Brief
Using the entries that follow, write out the line containing "1000336800.gif", the line containing "3. Dünya Savaşı tweet media", and every line between them, exactly and nothing else.

═════ Data listing

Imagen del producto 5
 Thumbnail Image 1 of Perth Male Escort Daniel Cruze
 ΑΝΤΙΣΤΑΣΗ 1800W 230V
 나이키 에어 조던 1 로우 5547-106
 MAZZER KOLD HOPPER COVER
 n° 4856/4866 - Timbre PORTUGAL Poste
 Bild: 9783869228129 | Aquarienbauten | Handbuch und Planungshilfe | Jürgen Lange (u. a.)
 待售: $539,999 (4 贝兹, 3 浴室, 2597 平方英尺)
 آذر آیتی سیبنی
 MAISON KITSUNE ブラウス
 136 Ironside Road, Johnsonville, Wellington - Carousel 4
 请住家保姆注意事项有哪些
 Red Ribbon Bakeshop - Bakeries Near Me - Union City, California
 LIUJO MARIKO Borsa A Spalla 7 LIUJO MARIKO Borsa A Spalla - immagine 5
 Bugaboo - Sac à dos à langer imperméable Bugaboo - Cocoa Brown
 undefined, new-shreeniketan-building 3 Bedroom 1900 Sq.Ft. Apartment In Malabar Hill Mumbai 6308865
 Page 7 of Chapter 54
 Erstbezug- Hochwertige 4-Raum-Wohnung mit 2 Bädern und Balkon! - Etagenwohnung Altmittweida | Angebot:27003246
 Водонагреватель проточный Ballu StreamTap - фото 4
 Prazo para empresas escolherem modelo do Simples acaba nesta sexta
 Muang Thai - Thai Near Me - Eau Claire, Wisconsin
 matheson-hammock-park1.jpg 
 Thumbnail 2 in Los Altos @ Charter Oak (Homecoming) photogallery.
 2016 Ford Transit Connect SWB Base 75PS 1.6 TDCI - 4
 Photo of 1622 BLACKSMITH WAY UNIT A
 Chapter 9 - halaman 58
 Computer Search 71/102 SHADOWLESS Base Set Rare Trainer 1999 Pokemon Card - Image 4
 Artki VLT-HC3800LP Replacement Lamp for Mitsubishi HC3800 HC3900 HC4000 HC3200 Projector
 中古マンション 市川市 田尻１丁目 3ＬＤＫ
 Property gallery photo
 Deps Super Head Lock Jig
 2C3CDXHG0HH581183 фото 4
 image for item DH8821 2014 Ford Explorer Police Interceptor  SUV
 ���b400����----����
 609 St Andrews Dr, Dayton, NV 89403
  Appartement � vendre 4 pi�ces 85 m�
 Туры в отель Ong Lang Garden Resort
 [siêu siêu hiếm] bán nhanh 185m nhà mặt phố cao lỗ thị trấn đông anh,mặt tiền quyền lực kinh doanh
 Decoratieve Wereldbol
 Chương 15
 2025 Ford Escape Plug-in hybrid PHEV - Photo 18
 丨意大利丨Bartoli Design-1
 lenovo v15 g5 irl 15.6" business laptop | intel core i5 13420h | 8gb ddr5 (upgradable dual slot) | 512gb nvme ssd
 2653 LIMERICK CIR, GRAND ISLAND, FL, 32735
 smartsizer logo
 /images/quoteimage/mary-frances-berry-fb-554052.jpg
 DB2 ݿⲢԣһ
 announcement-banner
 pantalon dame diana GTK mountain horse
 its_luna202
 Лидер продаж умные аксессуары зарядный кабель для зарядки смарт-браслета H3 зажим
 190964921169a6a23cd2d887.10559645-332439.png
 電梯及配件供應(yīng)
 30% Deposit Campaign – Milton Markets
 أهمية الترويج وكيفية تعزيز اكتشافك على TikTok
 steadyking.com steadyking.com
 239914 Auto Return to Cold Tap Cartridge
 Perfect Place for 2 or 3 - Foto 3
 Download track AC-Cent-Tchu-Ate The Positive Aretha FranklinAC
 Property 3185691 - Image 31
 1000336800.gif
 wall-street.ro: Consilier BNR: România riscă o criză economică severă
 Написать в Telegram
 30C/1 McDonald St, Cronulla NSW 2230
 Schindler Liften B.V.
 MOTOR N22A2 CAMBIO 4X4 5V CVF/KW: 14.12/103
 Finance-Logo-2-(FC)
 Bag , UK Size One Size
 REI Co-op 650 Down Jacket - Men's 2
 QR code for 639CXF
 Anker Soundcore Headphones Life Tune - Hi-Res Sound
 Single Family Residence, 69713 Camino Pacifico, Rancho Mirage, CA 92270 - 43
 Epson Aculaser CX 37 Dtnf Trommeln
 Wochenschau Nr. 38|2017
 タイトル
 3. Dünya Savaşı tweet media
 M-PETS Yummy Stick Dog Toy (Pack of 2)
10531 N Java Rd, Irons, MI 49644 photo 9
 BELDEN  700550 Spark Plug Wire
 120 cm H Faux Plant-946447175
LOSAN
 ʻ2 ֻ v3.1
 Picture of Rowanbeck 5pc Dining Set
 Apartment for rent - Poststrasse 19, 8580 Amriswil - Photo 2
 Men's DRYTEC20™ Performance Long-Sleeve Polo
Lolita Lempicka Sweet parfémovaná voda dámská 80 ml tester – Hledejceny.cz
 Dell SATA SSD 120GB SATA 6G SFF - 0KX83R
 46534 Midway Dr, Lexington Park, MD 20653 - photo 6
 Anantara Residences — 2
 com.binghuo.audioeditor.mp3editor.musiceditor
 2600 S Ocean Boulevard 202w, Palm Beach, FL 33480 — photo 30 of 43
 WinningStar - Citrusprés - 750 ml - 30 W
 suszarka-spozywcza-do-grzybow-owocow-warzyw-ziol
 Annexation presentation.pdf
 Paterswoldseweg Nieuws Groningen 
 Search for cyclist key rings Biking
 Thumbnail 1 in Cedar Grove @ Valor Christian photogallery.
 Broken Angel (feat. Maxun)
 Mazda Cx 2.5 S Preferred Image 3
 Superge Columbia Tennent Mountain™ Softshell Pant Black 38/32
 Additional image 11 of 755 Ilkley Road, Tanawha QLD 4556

══════════

Result
 1000336800.gif
 wall-street.ro: Consilier BNR: România riscă o criză economică severă
 Написать в Telegram
 30C/1 McDonald St, Cronulla NSW 2230
 Schindler Liften B.V.
 MOTOR N22A2 CAMBIO 4X4 5V CVF/KW: 14.12/103
 Finance-Logo-2-(FC)
 Bag , UK Size One Size
 REI Co-op 650 Down Jacket - Men's 2
 QR code for 639CXF
 Anker Soundcore Headphones Life Tune - Hi-Res Sound
 Single Family Residence, 69713 Camino Pacifico, Rancho Mirage, CA 92270 - 43
 Epson Aculaser CX 37 Dtnf Trommeln
 Wochenschau Nr. 38|2017
 タイトル
 3. Dünya Savaşı tweet media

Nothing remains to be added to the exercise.